#### Assignment
Pictures aside, quote the whole listing exactly.

[Opening Supplied data section]

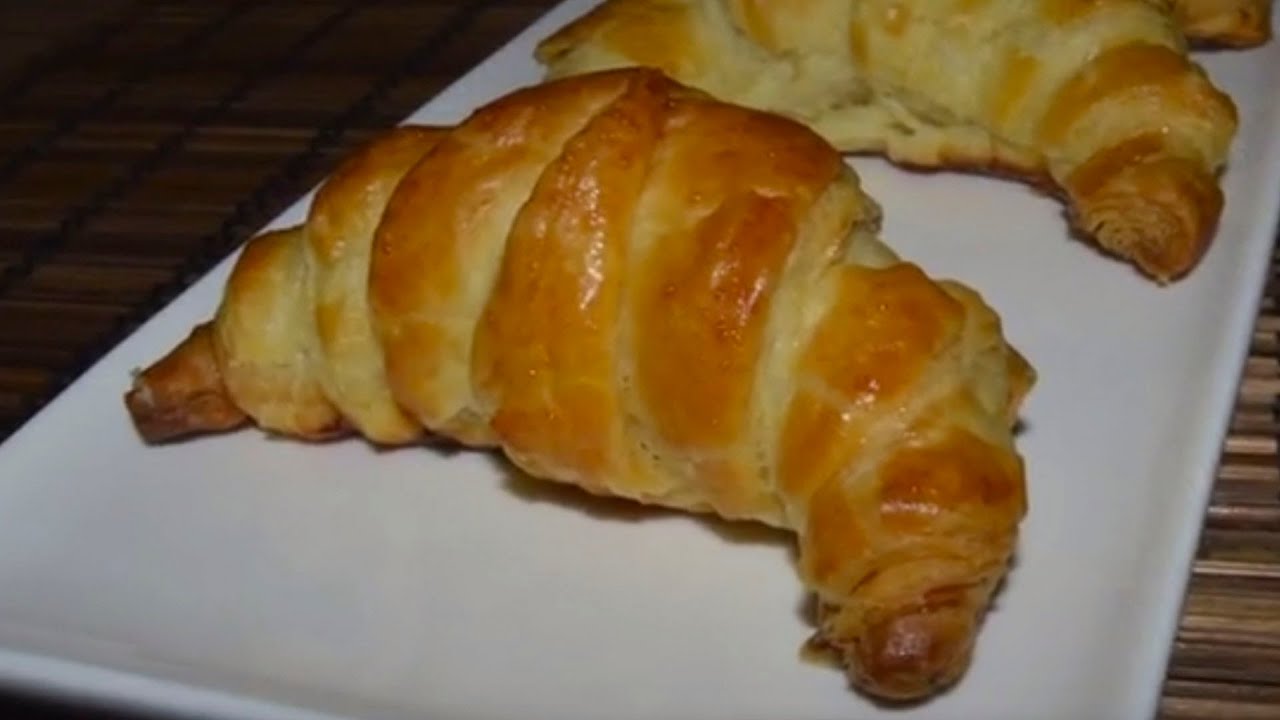 cruasanes con masa de hojaldre comprada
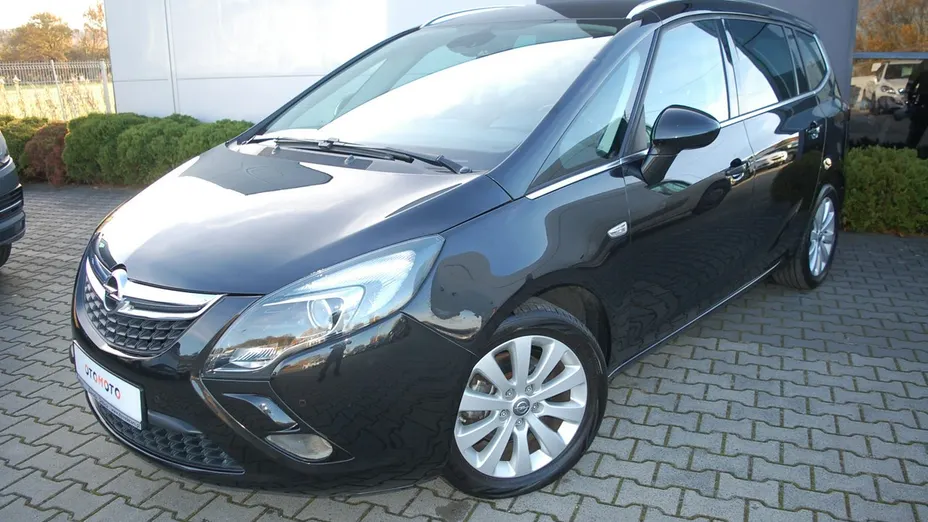 OPEL Zafira -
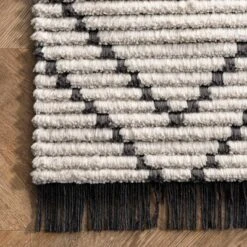 5'3"x7'6" Carlina Modern Geometric Soft Shag Fringe Area Rug Beige - NuLOOM -Home Textiles Store GUEST 7bde5918 0a31 4c2d 9475 d297a771bec7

[Closing Supplied data section]

#### Exercise output
 cruasanes con masa de hojaldre comprada
 OPEL Zafira -
 5'3"x7'6" Carlina Modern Geometric Soft Shag Fringe Area Rug Beige - NuLOOM -Home Textiles Store GUEST 7bde5918 0a31 4c2d 9475 d297a771bec7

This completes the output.